Soon after taking his chair to preside over the green bench on Friday morning, Chief Justice V.S. Sirpurkar told environment activist Subhas Dutta that he had seen pictures of the potholes on Howrah bridge in an English daily (The Telegraph Metro).
“This is a serious matter. An accident may occur anytime,” observed the chief justice, taking cognisance of the matter and calling for the court registrar.
He then went on to appoint advocate Tapas Kumar Bhanja amicus curiae (a person appointed by the court to assist it in the proceedings), with advocate Sanat Chowdhury to assist him in the matter.
“You will also help them,” the chief justice told Dutta. “You will visit the spot, talk to the authorities concerned and file a report.”
The probe team was asked to contact officers of the departments responsible for the maintenance of Howrah bridge and its approach roads.
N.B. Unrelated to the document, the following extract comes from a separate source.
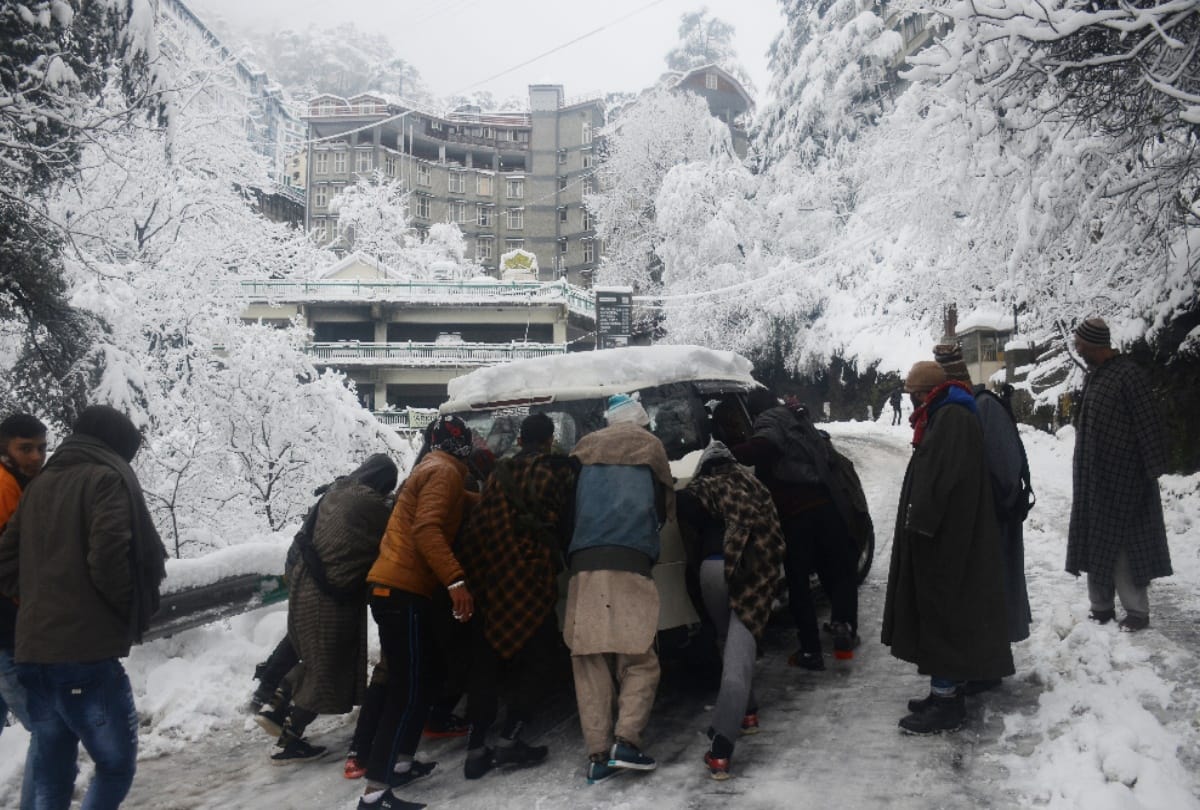 Shimla police rescued 43 tourists stranded in snowfall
Acting on the chief justice’s instructions, Bhanja and Dutta spent over an hour on the bridge on Monday afternoon. The advocate inspected the potholes, craters, vendors and boulders, while the activist took pictures to be submitted with the report to the court.
After a thorough inspection, the probe team expressed “serious concern” over the condition of the bridge. “If the authorities cannot take up repairs, they should immediately declare the bridge an accident-prone zone. Lakhs of people and vehicles use this vital connection between Calcutta and Howrah every day. A serious mishap is just waiting to happen. The authorities concerned should wake up before any lives are lost,” said Bhanja.
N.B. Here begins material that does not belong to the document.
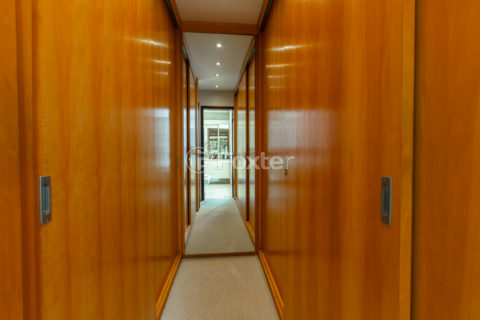 Image 33 - 1030690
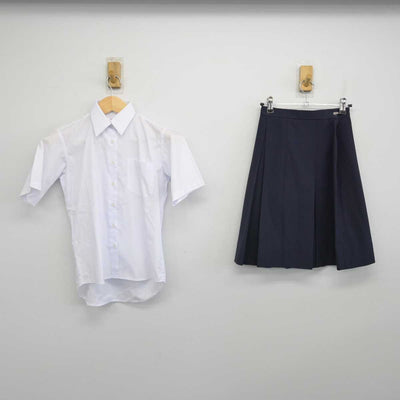 【中古】岡山県 芳泉中学校 女子制服 2点 (シャツ・スカート) sf052268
Craters and potholes apart, the bazaar on the bridge and the big boulders on the pavements caught their eye, in keeping with the Metro report on Thursday.
“Howrah bridge requires special care, but it is being denied even basic attention,” said Dutta.
Bhanja and Dutta later said a detailed report would be filed before the court after talking to the officials of Hooghly River Bridge Commissioners (HRBC), Calcutta Port Trust (CPT) and the state transport corporation.